People in Otago and Southland will pay more for an inferior health service if a plan to centralise neurosurgery in Christchurch goes ahead, according to a member of a district health board.
An expert panel has been appointed to resolve a row between the Canterbury and Southern DHBs over the future shape of the vital service.
Neurosurgery covers operations on the brain and spinal system, including the removal of brain tumours and blood clots.
It is proposed that all six South Island neurosurgeons should be based in Christchurch.
Richard Thomson, of the Southern DHB, says that would be unsafe and inconvenient for 300,000 people in Otago and Southland.
"It's our view that not only will this provide a less safe service to the people of Otago and Southland, but it's actually going to cost a couple of million dollars a year more to provide.
"I simply don't understand why you would put in place an inferior service for the southern half of the South Island at an additional cost of a couple of million dollars."

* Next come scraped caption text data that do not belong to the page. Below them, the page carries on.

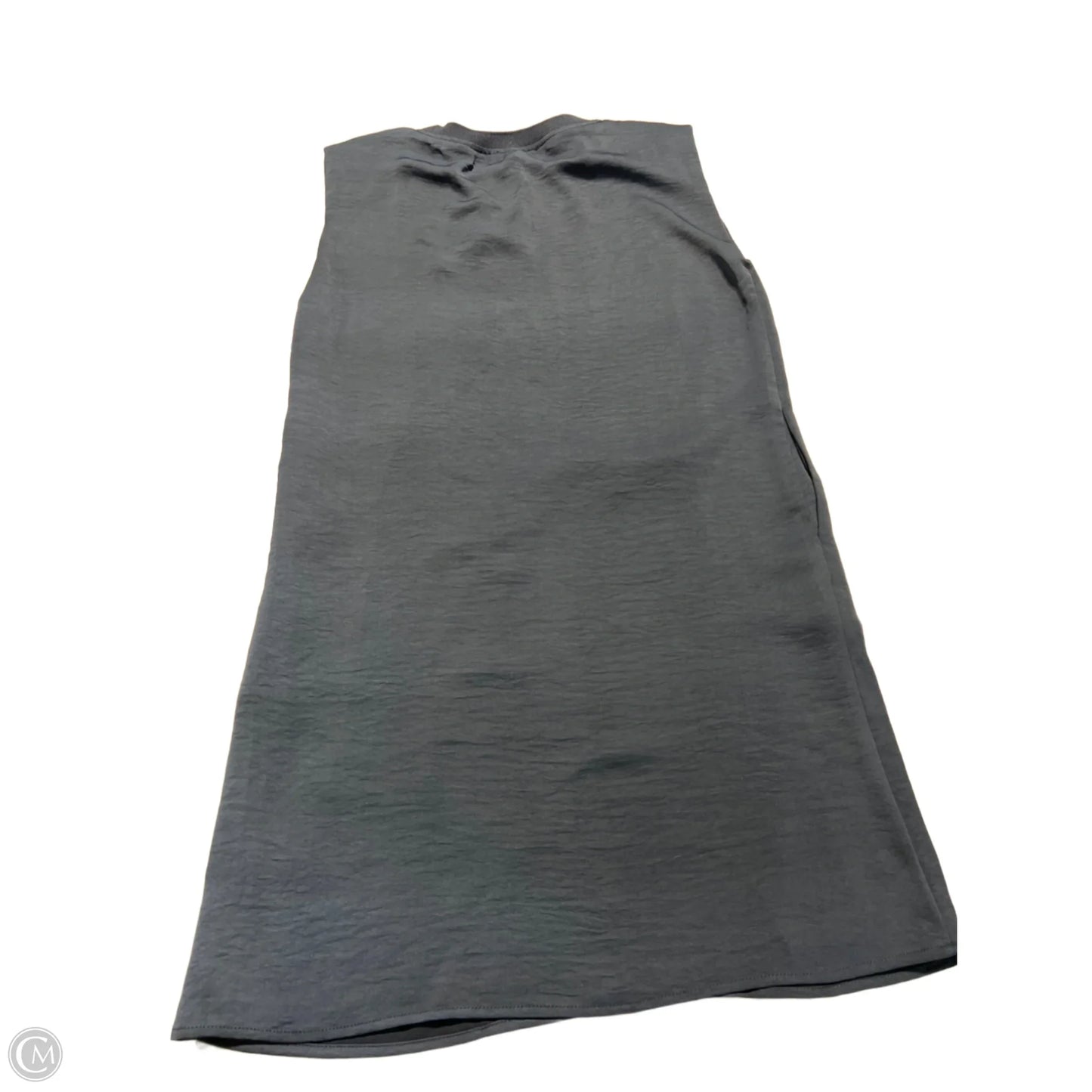 Dress Casual Short By Skies Are Blue In Navy, Size: Xs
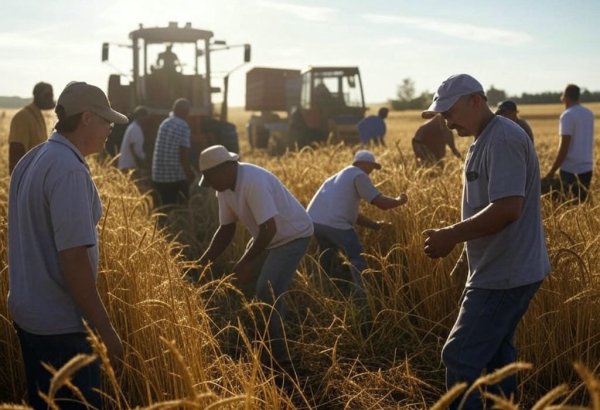 Azerbaijan reports Agrarian Insurance Fund payouts to farmers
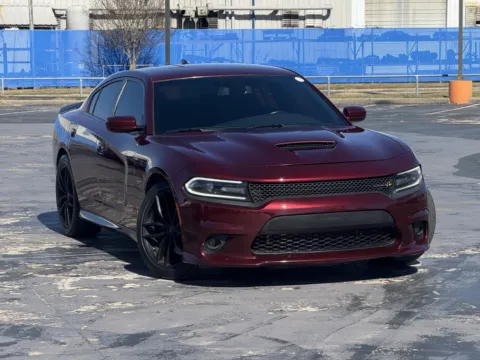 Photos of 2019 Dodge Charger Scat Pack for sale in Alvin, TX at Auto Boutique Texas
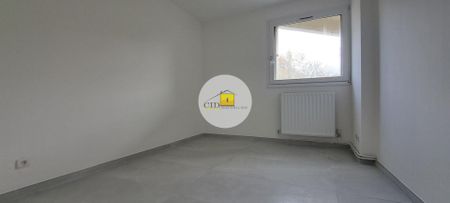 Appartement - 4 pièces - 78,36 m² - Saint-Priest - Photo 5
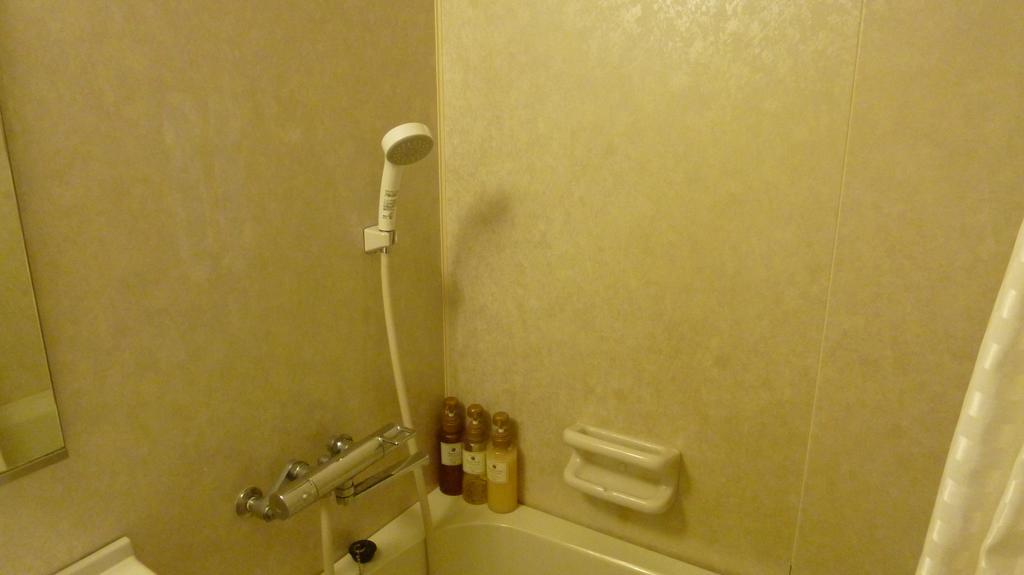 Standard Single Room - Smoking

Dunedin surgeon Richard Bunton says removing specialists from Dunedin would have wide-ranging effects, including for medical training.
"Many, many services in New Zealand hospitals are based on two specialists, particularly in the smaller hospitals. So we may as well close the doors on all our small hospitals.
"What we are good at in New Zealand is providing services that are configured to suit the challenges that we have."
Health Minister Tony Ryall says the South Island needs a safe, reliable service.
A panel has been appointed to advise the Director-General of Health on the matter.